NXT Recap 4/29/2015: Make It Stop

Posted in The Three Count by - May 02, 2015

I’ve made no secret of NXT’s lack of forward momentum as of late. The period after Wrestlemania has not been kind to the little federation that could as NXT broadcasts have been rife with predictability and, at times, downright boring ring work. Last week seemed to have righted things somewhat, however, the good ship NXT has been sent back to sea by a broadcast that, at its best, was predicable and boring, and at its worst… downright stupid.

We march on to Full Sail University for a very special, NXT! An edition that lacks so much suspense, the only logical explanation for this evenings piss poor attempt at storytelling is that it was written by the WWE Main Roster Staff. Fire up Minecraft folks, this one’s a laffer, and that’s with two F’s.

We began this week like any good episode of a WWE product, with a long drawn out Promo. However, unlike the main roster, we were graced with a wrestler who hasn’t quite yet begun to wear out his welcome. Kevin Owens made his way to the ring to a loud and rowdy crowd. “Fight Owens Fight,” chants filled the arena, along with a healthy mix of cheers and Boos. These chants slowly morphed into the familiar “Ole,” chant as Owens did an A+ job of playing to the crowd and their heckling.

After admitting to desiring to kill Alex Riley the week prior, and calling out Sami Zayn for an immediate match, to no one’s surprise, he was instead rewarded with NXT Commissioner, William Regal. Regal appeared to chastise Owens for demanding a match with Zayn while Owens countered with an excellent usage of the phrase, “With all due respect,” This off the cuff exchange would go on to be the highlight of the show.

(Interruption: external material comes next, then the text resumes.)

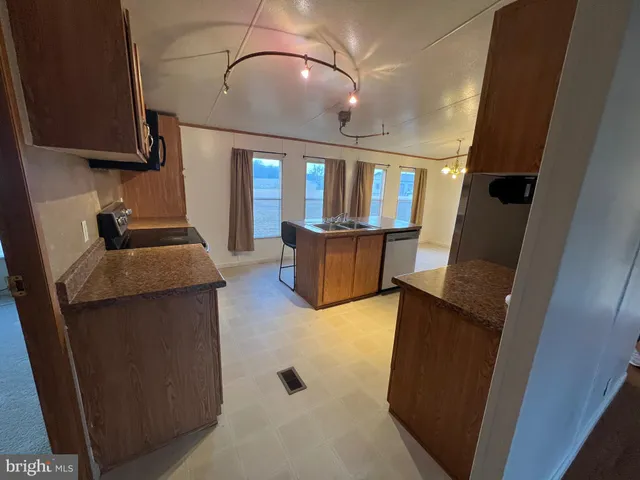 $1,800 | 5738 Big Stone Beach Road, Milford, DE 19963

Zayn’s appearance would quickly follow, delivering an attack to Owens, stating that he has been living in Zayn’s shadow for some twelve years. After a back and forth, Owens originally not wanting to put the title on the line, in true WWE fashion this led to a match being set for our next NXT Takeover event.

Enzo Amore and Colin Cassidy defeat Wesley Blake and Buddy Murphy

After our typical high brow speech from Amore, our match got underway, with Blake taking the early lead. After a pair of quick tags with Amore in the far corner, Blake hit a quick takedown into a two count. After breaking free of a modified sleeper, Amore nailed a counter with a dropkick, sending both crashing to the mat. A hot tag would bring Murphy and Colin into the ring, with Colin taking back the lead for Team Dipshit.

Cass hit a pair of running takedowns to Murphy. Upon rising, Murphy was sent into the ropes only to receive a running knee. A splash into the near turnbuckle would lead to a slam into a pin attempt with Blake saving the match. Amore would ascend to the top for what had to have been a diving crossbody, however, with both adversaries standing in close proximity to each other, they simply took a step back, allowing Amore to eat the canvas.

At this time from the outside, Carmella began to stir, gaining the attention of the legal man, Buddy Murphy. After blowing her a kiss, Murphy would turn around to a running big boot courtesy of Cassidy, the other legal man. After a tag to Amore, the pair set up for the Rocket Launcher and a quick three count.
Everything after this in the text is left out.